Legs JapanLiquid Masturbation feat. Shino Aoi (2018)

As an image, this is unqualified rubbish–it’s overexposed (the white of the drop cloth is so hot it blows out most of the dimensionality of Aoi’s left side) and other than depicting a naked body covered in goop there’s no readily discernible point to it. (You can click on the link to more of the pics from the series but even once you find out that Aoi lays down on the drop cloth and then is showered in lube and ‘masturbates’, knowing what’s going on and what the goop is honestly adds nothing to the proceedings.)

Why post it then?–Well, it got me thinking about texture. (Or, more accurately: I’ve been thinking more than usual about texture since this post back in June.)

For some reason: the notion that texture in photographs is a kind of sum greater the the total of the parts. This was around the same time I happened across this video from Wired where a musician explains the concept of harmony in five different levels of difficulty.

The musician starts off asking what this obvious bored kid think harmony is. He explains that it’s when two people sing together and it sounds nice. The musician tells him he’s right and the proceeds to use Amazing Grace as an example. He plays the melody with one hand and then askings leadingly if it doesn’t sound lonely. He then brings in his second hand to harmonize and asked the kid which one he preferred. The kids says the one with two hands.
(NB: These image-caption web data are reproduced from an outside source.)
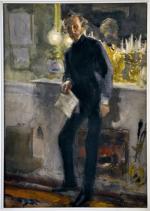 Paul Albert BESNARD (1849 - 1934)Homme à la cheminée.Aquarelle signée...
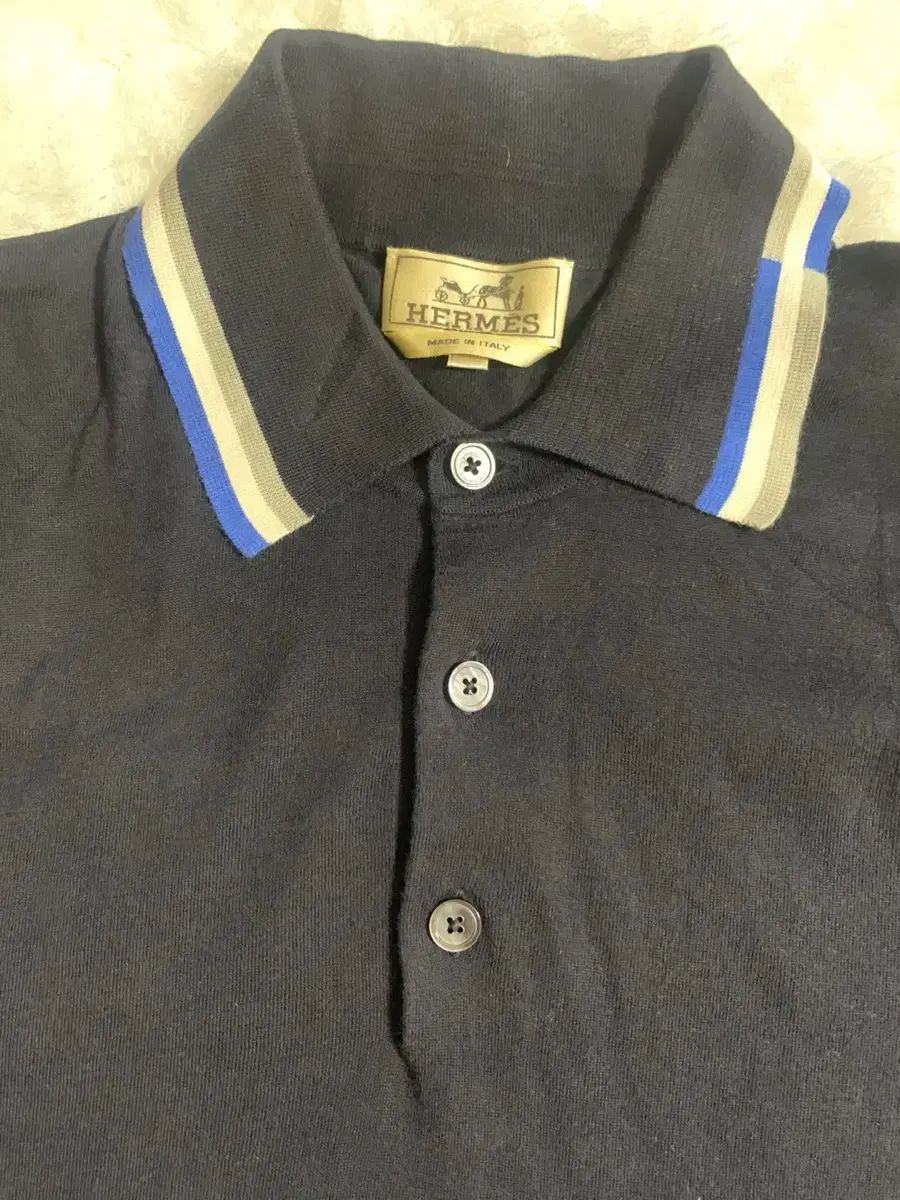 Hermes(エルメス) 半袖ポロシャツ ステッチ ネイビー - メルカリ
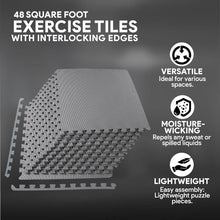 Load image into Gallery viewer, Professional Grade EVA Puzzle Exercise Mat - Covers 48 Sq Ft for All Sports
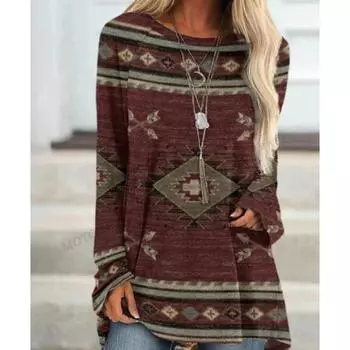 Этническая футболка с 3d принтом, женские модные футболки, повседневные топы с длинными рукавами, футболки с графическим принтом, свободные винтажные футболки в стиле Харадзюку S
And the musician says that’s exactly right because with more notes we can communicate how more emotion with the melody.

The second person is a teenager. She defines harmony as when two people–usually a high and a low tone voice–blend the two voices together to sound better. The musician repeats what she’s said but adds that harmony is a melody played with feeling and a sense of some sort of story from where it begins to where it returns home again. (I really think that’s more of a revelatory way of framing it than I can accurately articulate.)

He then does something interesting. He noodles through Amazing Grace purposely hitting a sour note. But he backs up and then shows that by knowing you want to hit that note on your way home, you can surround it by notes that actually make it make sense in the given the context.

The rest of the video is great but I don’t pretend to understand the more complicated music theory stuff–once you get into add 9 and suspended notes, my eyes cross and I start to drool. But it’s amazing to watch the way that Herbie Hancock and the musician can just communicate with musical language like two old friends who haven’t spoken in a long while.

I’m less inclined to say that texture necessarily works the same way as harmony does in music; yet, to the extent that we can say that a 2D photograph or image has dimensionality and/or texture, it’s as a result of a confluence of factors designed to emphasize visible textural cues.